An adjacent tent boasts children’s activities at eight stations, including panning for gold; making bread dough; looking at Indian artifacts, pioneer books and a ringer washer; making friendship bracelets after carding wool; creating more crafts, such as paper doll chains and optical illusions; and playing with vintage wooden toys. When kids are accompanied by parents and grandparents, “it becomes a story tent,” reports Dickey. “These stories just start coming out” as elders reminisce about days gone by.
Entertainment headliner Hogeye Navvy, also sponsored by BMPL, has performed at the fest before. The sound of the Indianapolis-based acoustic quartet blends vocals, guitar, octave mandolin, tenor banjo, concertina, bodhran and fiddle.
Bandmate Mac Bellner says, “This year at Applefest, our focus is on Americana, so we will be doing things that tell stories of American history and experience. This will include sea chanteys, too, and some of the Hogeye Navvy favorites.
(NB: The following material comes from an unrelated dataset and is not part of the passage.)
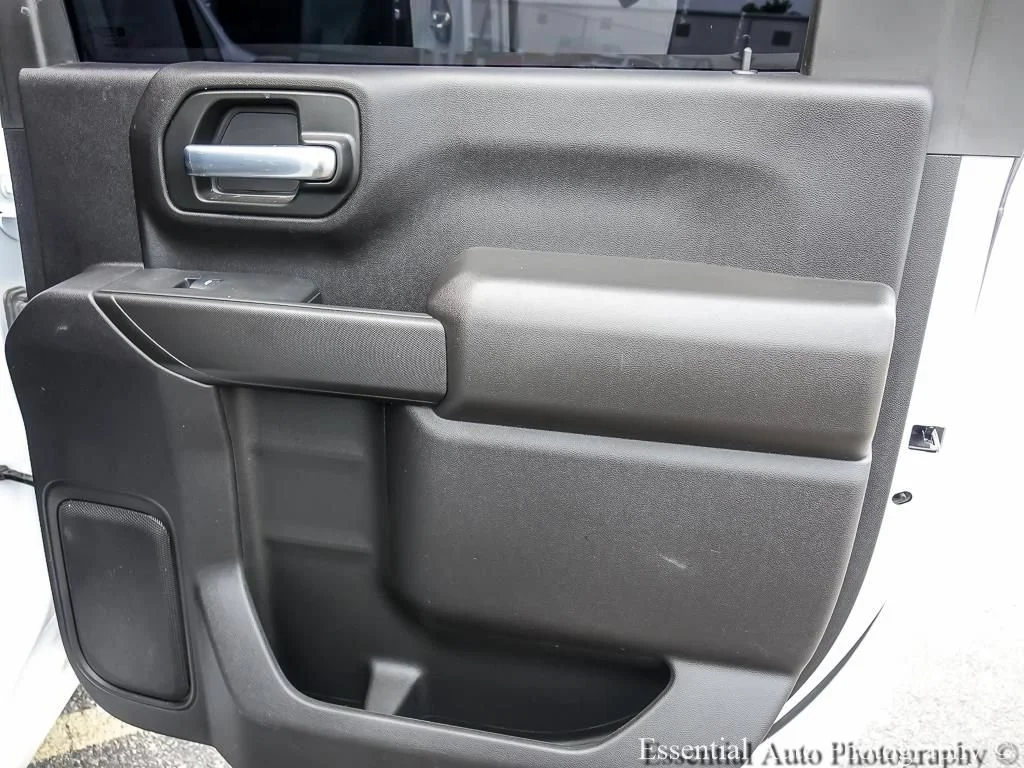 Used 2024 Summit White Chevrolet WT DRW image 22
We encourage people to make requests for songs they really want to hear.” He adds, “We find the audiences there so warm and receptive, and would like to take them with us wherever we go!”
Other music will be presented by Dimick and Batesville’s Eureka Band, perhaps America’s oldest continuous community group. The Hoosier Hoedowners Dance Troop will highlight country tunes.
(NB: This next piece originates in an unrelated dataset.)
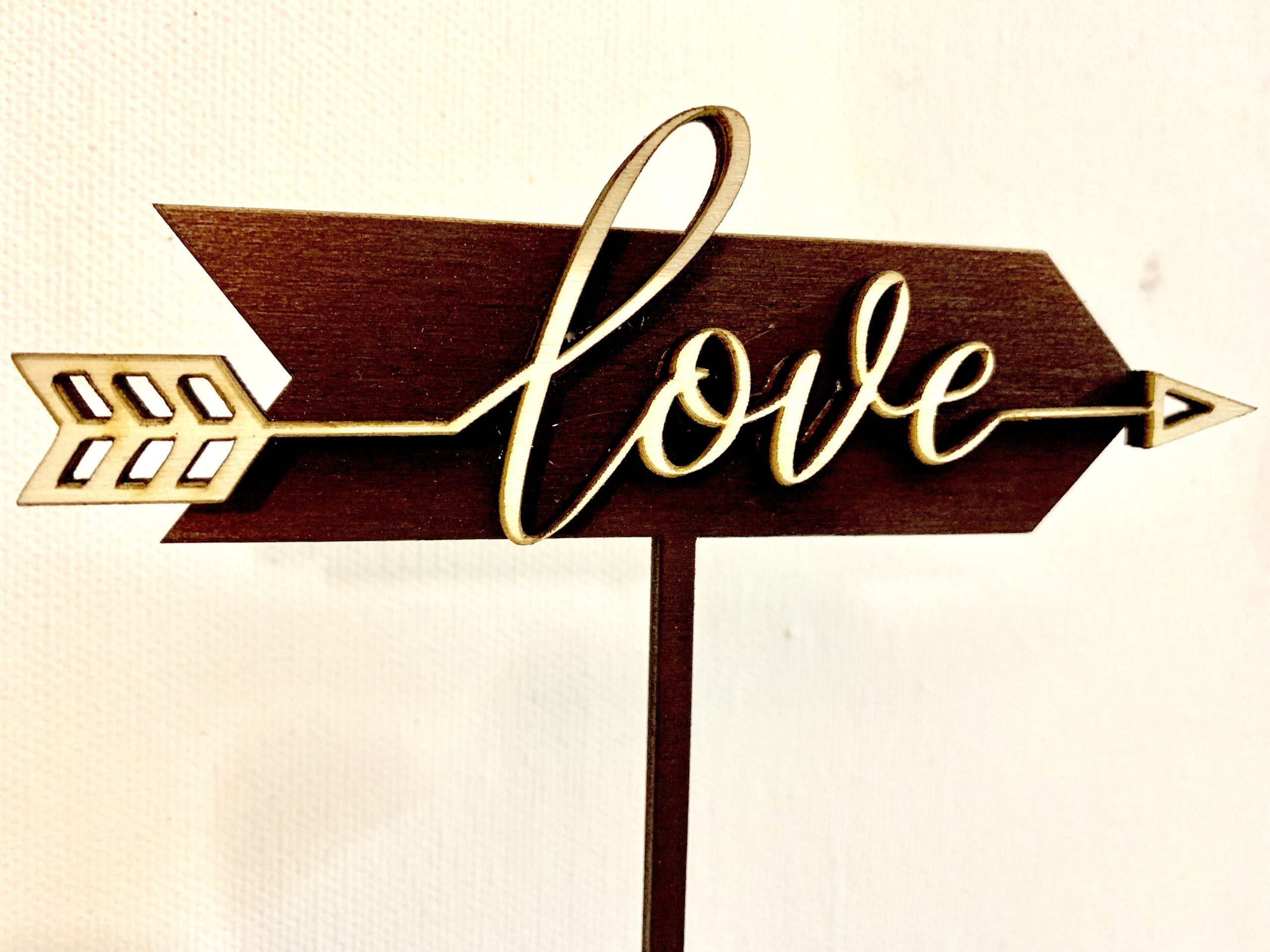 Segnatavolo freccia con scritta legno Matrimonio 2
Tykes also will enjoy inflatable bounce houses organized by Denean Williams. The Girl Scouts are going to have about a half dozen games of chance for little kids. Trackless train rides will be another option.
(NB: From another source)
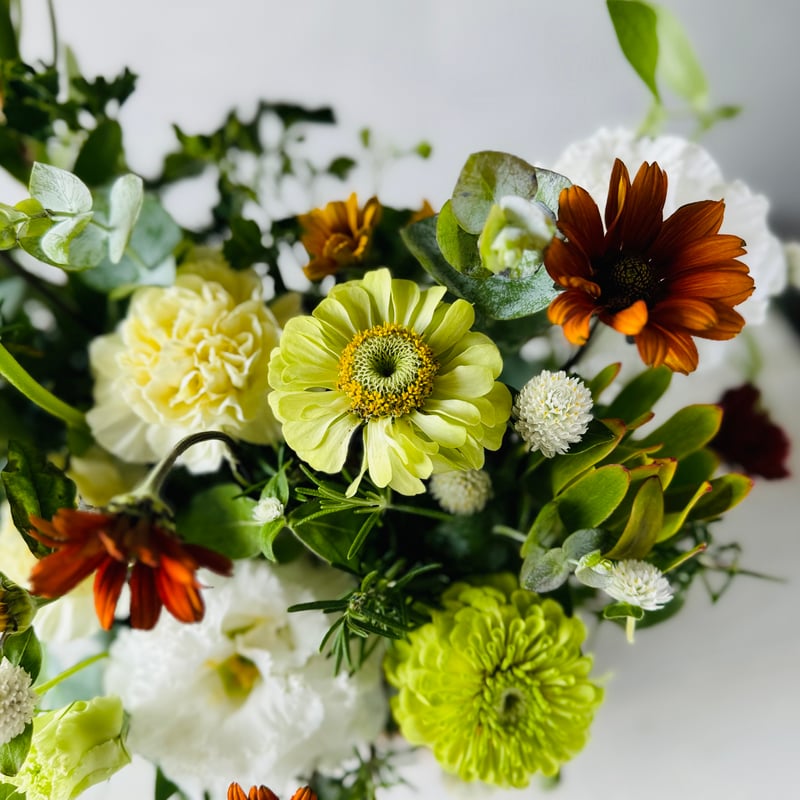 配送】生花のバスケットアレンジ Lサイズ | GRACE WISTERIA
Kiwanians will cook a nonstop menu that includes burgers, hot dogs, brats, metts, apple and goetta sausages and pork tenderloin sandwiches. Batesville Lions will serve steak sandwiches, St. Mark’s Lutheran Church members will offer up smoked pork sandwiches and apple dumplings and Boy Scouts will make their traditional cobbler. Vendors will add more variety, selling apple slices drizzled in caramel, caramel apples, kettle corn, smoked pork and chicken burritos, pizza and Hawaiian shaved ice.
Of course, a variety of apples will be sold by Villa Orchard. Festival-goers also can cart home pumpkins, chrysanthemums and more fall decorations.
About 40 crafts booths will offer everything from handmade jewelry and original paintings to fudge, preserves and holiday decor. Other booths will tout area businesses and organizations. Crafts booth space still can be reserved by calling Jay Reichmuth at Weigel Funeral Home, 934-3201.
Southeastern Indiana YMCA Master George Dwenger and his students will present small martial arts demonstrations periodically in the booths area. A spectator “can break a board for a fee” and students will lead a few games as well.
It’s the ninth year for a raffle with three cash prizes ($500, $250 and $100) that will benefit Kiwanis scholarships and youth programs and Batesville Soccer Club field improvements and equipment. Tickets at $1 each or six for $5 may be purchased from members beforehand or at the Kiwanis cashier’s table in the pavilion.
Debbie Blank can be contacted at email@example.com or 812-934-4343, Ext. 113.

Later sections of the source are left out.